Interestingly, a later English cookbook – Kettner’s Book of the Table, published in 1877 – also makes mention of shepherd’s pie and refers to it as a Scottish variation of Irish stew. While this is possible, this citation may refer to a specific variant that included a wheat-flour pastry crust on top of the mashed potatoes (something which the English cookbook denounced as too starchy).
While this reference did not specify that the shepherd’s pie used lamb or mutton, those were the traditional meats used in Irish stew. This makes it a reasonable assumption that those specific meats were at least beginning to distinguish a shepherd’s pie from a cottage pie in popular understanding.
Cottage pies also traditionally used a sliced potato topping rather than mashed. But this isn’t consistent, and both cottage and shepherd’s pies have been made with either option.
Still, a number of sources still seem to use the terms interchangeably. Even today, it’s not uncommon to find versions of shepherd’s pie made with beef or other meats in place of the more traditional lamb.
The Irish Pie
But with the history of both cottage and shepherd’s pie being so murky, and with the two terms being commonly interchangeable, why is it that cottage pie is more closely associated with England, while the shepherd’s pie is almost inextricably linked with Ireland? The answer lies in the history, economy, and politics of the two countries.
After centuries of troubled political entanglement between the two countries, English King Henry VIII set out a national ambition of reconquering Ireland. This would come to fruition by the beginning of the 17th Century and would be followed by widespread colonization and land confiscation.
Moving through the 17th and into the 18th Centuries, Ireland would become a nation of tenant farmers, growing food for usually absent English landlords. As a result, Ireland would remain mired in poverty for years to come.

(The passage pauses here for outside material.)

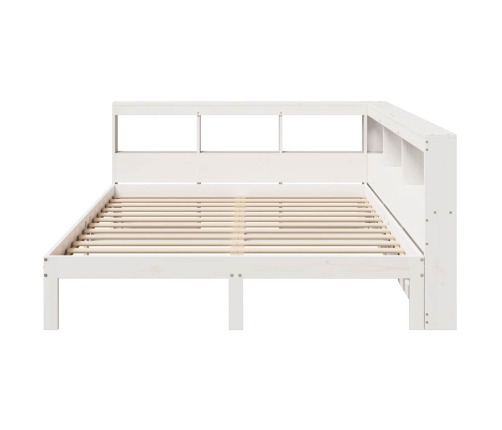 Cama con estantería sin colchón madera maciza blanca 140x190 cm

While the frugality this necessitated was not unique to Ireland – the English and Scottish, as we have seen, both relied on versions of the simple meat-and-potato pie – the Irish were more limited in their resources.
Lamb and mutton were inexpensive meats, as compared to beef. That’s why they were the usual ingredient in Irish stew, and why they likewise were the most common ingredient in the Irish versions of shepherd’s pie, while the British version, where people were more likely to be able to afford beef, came to be more commonly referred to as cottage pie.
This was not, of course, a sharp delineation. The line between the two dishes could still be blurry, and the possible variations went far beyond simply a choice between lamb and beef. Nonetheless, the overall economic conditions of the two countries generally meant that shepherd’s pie made with lamb (called Pióg an aoire in the Irish language) was a predominantly Irish staple, while the cottage pie made with beef was more prevalent in other areas of the British Isles.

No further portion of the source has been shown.